为了在3D人类运动和语言之间构建跨模态潜在空间,获取大规模且高质量的人类运动数据至关重要。然而,与图像数据的丰富相比,运动数据的稀疏性限制了现有运动-语言模型的性能。为了应对这个问题,我们引入了“运动补丁”,一种新的运动序列表示,并通过迁移学习使用Vision Transformers(ViT)作为运动编码器,旨在从图像域提取有用知识并将其应用于运动域。这些运动补丁是由基于运动部件在运动序列中进行拆分和排序的骨骼关节创建的,对不同的骨架结构具有鲁棒性,可以被视为ViT中的颜色图像补丁。我们发现,通过使用通过2D图像数据训练得到的预训练ViT权重的迁移学习,可以提高运动分析的性能,为解决运动数据有限的问题提供了一个有前途的方向。我们的广泛实验表明,与ViT共同使用的运动补丁在文本到运动检索基准测试和其他新颖挑战任务(如跨骨架识别、零散射击运动分类和人类交互识别)上实现了最先进的性能,这些任务目前由于缺乏数据而受到阻碍。
https://arxiv.org/abs/2405.04771
Due to the ever-increasing availability of video surveillance cameras and the growing need for crime prevention, the violence detection task is attracting greater attention from the research community. With respect to other action recognition tasks, violence detection in surveillance videos shows additional issues, such as the presence of a significant variety of real fight scenes. Unfortunately, available datasets seem to be very small compared with other action recognition datasets. Moreover, in surveillance applications, people in the scenes always differ for each video and the background of the footage differs for each camera. Also, violent actions in real-life surveillance videos must be detected quickly to prevent unwanted consequences, thus models would definitely benefit from a reduction in memory usage and computational costs. Such problems make classical action recognition methods difficult to be adopted. To tackle all these issues, we introduce JOSENet, a novel self-supervised framework that provides outstanding performance for violence detection in surveillance videos. The proposed model receives two spatiotemporal video streams, i.e., RGB frames and optical flows, and involves a new regularized self-supervised learning approach for videos. JOSENet provides improved performance compared to self-supervised state-of-the-art methods, while requiring one-fourth of the number of frames per video segment and a reduced frame rate. The source code and the instructions to reproduce our experiments are available at this https URL.

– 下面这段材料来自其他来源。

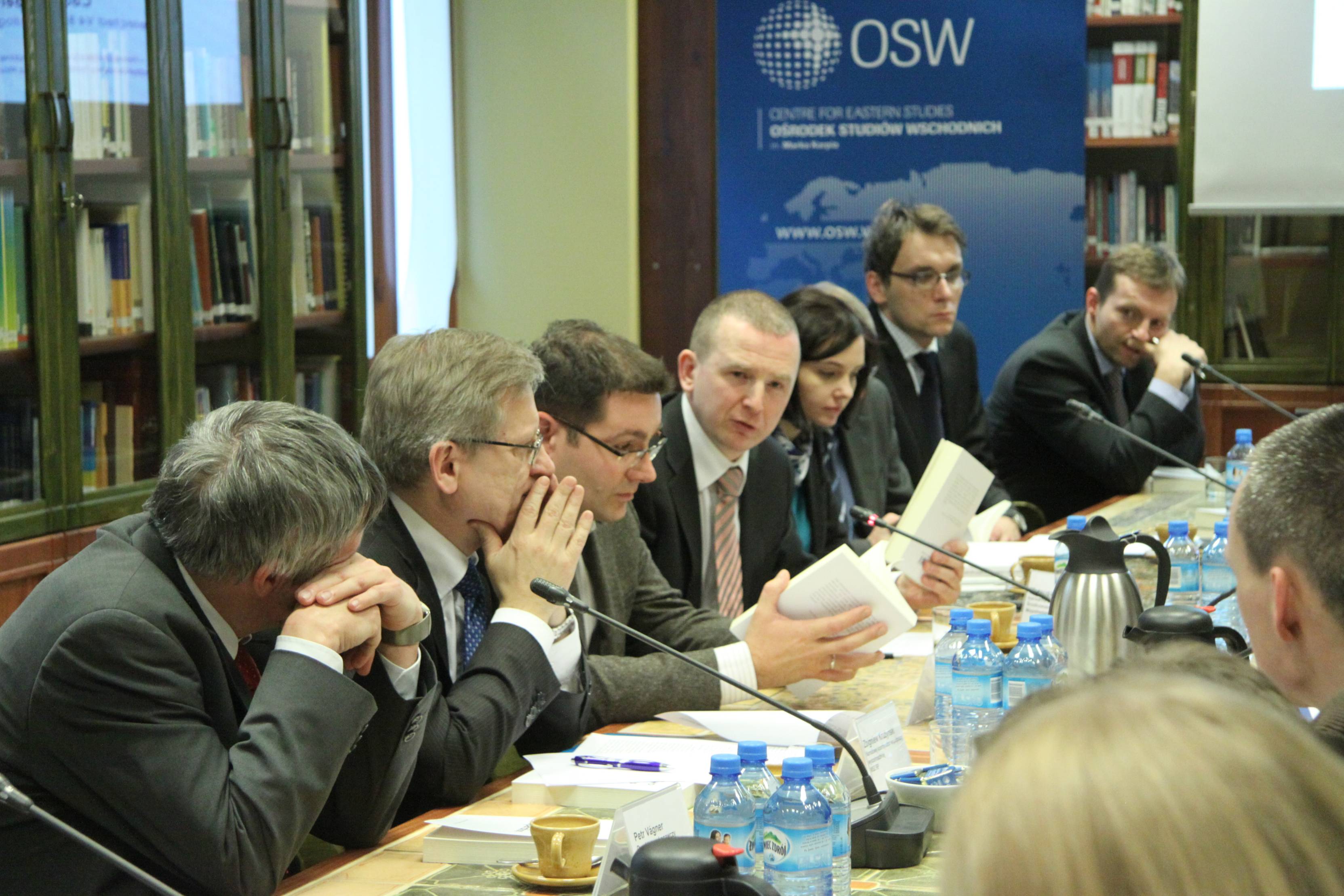 Prezentacja książki: "Two Decades of Visegrad Cooperation. Selected V4 Bibliography"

由于视频监控摄像头的不断增加和犯罪预防的需求不断增加,暴力检测任务正在从研究社区获得越来越多的关注。与其他动作识别任务相比,监控视频中的暴力检测任务还表现为其他问题,例如存在显著的实战场景。然而,现有的数据集似乎与其他动作识别数据集相比非常小。此外,在视频应用中,每个视频场景的人都有所不同,视频拍摄的角度也有所不同。为了快速检测现实生活中的暴力行为,防止不良后果,因此模型可以从内存使用和计算成本的降低中获得好处。这些问题使得经典动作识别方法难以采用。为解决这些问题,我们引入了JOSENet,一种新颖的自监督框架,可以在监控视频中的暴力检测方面提供卓越的表现。与自监督先进的视频分类方法相比,所提出的模型具有更好的性能,同时每个视频片段需要四分之一帧数和降低帧率。JOSENet的源代码和重现实验的说明可以在该链接处找到。
https://arxiv.org/abs/2405.02961
Recent few-shot action recognition (FSAR) methods achieve promising performance by performing semantic matching on learned discriminative features. However, most FSAR methods focus on single-scale (e.g., frame-level, segment-level, \etc) feature alignment, which ignores that human actions with the same semantic may appear at different velocities. To this end, we develop a novel Multi-Velocity Progressive-alignment (MVP-Shot) framework to progressively learn and align semantic-related action features at multi-velocity levels. Concretely, a Multi-Velocity Feature Alignment (MVFA) module is designed to measure the similarity between features from support and query videos with different velocity scales and then merge all similarity scores in a residual fashion. To avoid the multiple velocity features deviating from the underlying motion semantic, our proposed Progressive Semantic-Tailored Interaction (PSTI) module injects velocity-tailored text information into the video feature via feature interaction on channel and temporal domains at different velocities. The above two modules compensate for each other to predict query categories more accurately under the few-shot settings. Experimental results show our method outperforms current state-of-the-art methods on multiple standard few-shot benchmarks (i.e., HMDB51, UCF101, Kinetics, and SSv2-small).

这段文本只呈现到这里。